For most women their sexual attraction is in itself partially dependant on how desirable she thinks other women find the male in question. It also depends heavily on his status. And status as we know is basically zero sum.
My impression is that men are also influenced by how attractive other men think a woman is.
Semi-Anecdotal evidence of this: Tina Fey reports that she was never seen as "hot" until after she became famous.
Evidence that I suspect says more about Tina Fey's past insecurities than about scarcity bias. She is hot enough that she would have been seen as such even in school. Unless American high schools really are like they appear in movies. The hot girl isn't hot until she has a makeover involving taking off her glasses and letting her hair down!
It's plausible that people weren't talking about in public where she could hear it about how good she looked until she became famous.
Also, excuse me if I'm mistaken about this, but there's something about your phrasing which leaves me thinking that there's something weird about a woman who's attractive to you being insecure about her looks. There seems to be huge cultural pressure in the US for women to think they don't look good enough, and what's surprising to me is immunity to it.

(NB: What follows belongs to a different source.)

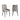 gray fabric upholstered dining chairs with black metal  legs 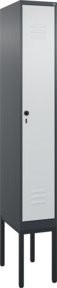 C+P Spind Classic PLUS Garderobenspind aus Stahl mit 1 Abteil, Sicherheits-Drehriegel und 3 Garderobenhaken, Farbe: Grau, H x B x T: 212 x 30 x 50 cm - Bild 1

No. I've met enough people who fit that category that I don't find it weird at all. A little annoying and something to be discouraged if convenient but not particularly weird.
Tina Fey lost a bunch of weight just before she got on TV. Given that there isn't really anything else to explain.
That would do it. She'd have been pretty and even attractive with the extra weight but 'hot' is rather more specific in this culture.
When I was in high school, most of the girls around me seemed to me to be as beautiful as anyone I ever saw on television or in the movies. Most high school girls are significantly hotter than the woman of median hotness in the population as a whole (getting older tends to make women less beautiful), so they would have to be even hotter than that in order to stand out.
I know what you're talking about and I think it's a mistake. Specifically I think it's an exemplar of a larger category of cases where a marginalized group's adaptation to unfavorable circumstances is mistaken by culture (and by evo psych, which has an alarming tendency to make excuses such things) as being a fundamental facet of their nature.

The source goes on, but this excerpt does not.